I think of online marketing in two large buckets: Discovery and Satisfaction. Social Media and SEO can do a great job of helping people find things they didn’t even know about and do research. PPC does a great job of satisfying demand that’s already been created.
When it comes to paid search, it’s important to try to understand the thought process of the customer. What are your top web analytics metrics that provides this insight? Can you provide tips on improving these metrics?
Alex Cohen: No number can teach you about the thought process of your customer. That requires research, such as surveys, usability studies and focus groups.
First and foremost, measure has to be about outcomes: donations, net profit, new blog subscribers, whatever purpose your website exists to serve.
That said, I think one of the best ways to understand the intent of a search is to analyze their search query, the actual phrase they typed into the search engine. People tend to think of paid search through the lens of keywords, the phrases you bid on. But, keywords exist only to attract search queries.

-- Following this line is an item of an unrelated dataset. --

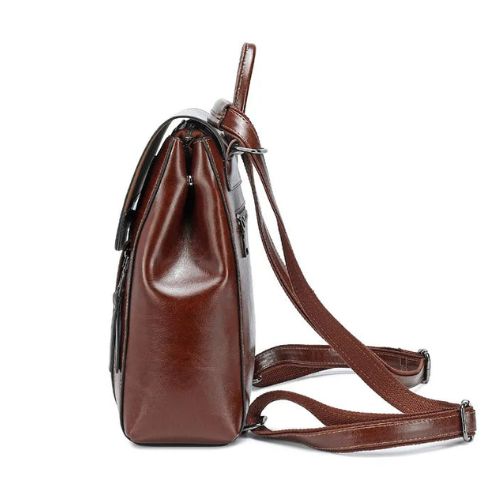 Mochilas Femininas Estilosas, Mochila Feminina Notebook, Mochila Feminina Couro, Mochila Feminina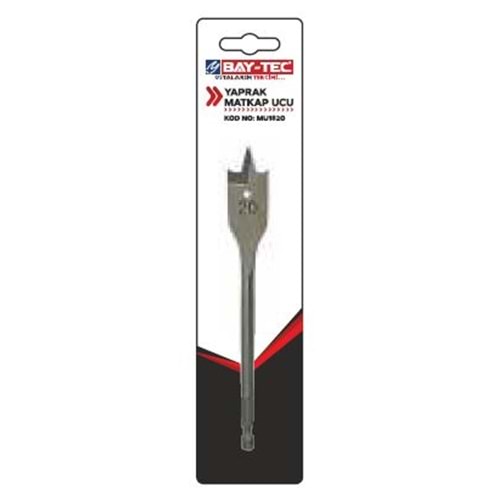 BAY-TEC MU15788-86 YAPRAK MATKAP UC 14 mm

Just because you bought the keyword “pet food” doesn’t mean everyone who clicked on your ad had typed “pet food.” Some may have typed “organic pet food” or “make your own pet food” or “order wholesale pet food online.” Do you sell each of those products? Do they have the same value? By clearly understanding what people are looking for, you can fine tune which clicks you’re willing to pay for, how much you’re willing to pay for them and where you send them on your site. That helps you understand your prospects better and optimize accordingly. Unfortunately, there’s no single metric that does that. Besides, averages lie.
I suggest you check out the (free) 21 Secrets of High Resolution PPC  for more info on search queries and other easy-to-read PPC tips.
How do you see ClickEquations evolving within the next couple years now that companies and brands have so much focus on social media?
Alex Cohen: That’s a really good question. I don’t think you’ll talk to a vendor in our space who doesn’t believe that the world is becoming search-like. What I’m referring to is increased levels of transparency, control and bidding and more real-time decision making for advertising. There are a lot of channels that are starting to mimic search. Display is becoming like that, largely because of Google. Facebook ads, Twitter ads, whatever they happen to look like, there are many channels that are starting to mimic the search model.
The same level of challenges–visibility, prioritization, simplification, automation–are going to exist in all of those channels. That level of data will offer opportunities for us to do better marketing mix modeling and to be able to say which channels deserve credit and where we should spend our money to be most effective. Those are kind of macro trends that are cutting across this industry and across vendors that anyone who’s playing in this space would be smart to pay attention to.
A big thank you to Alex Cohen for taking the time to participate in Marketwire’s Ask the Expert interview series.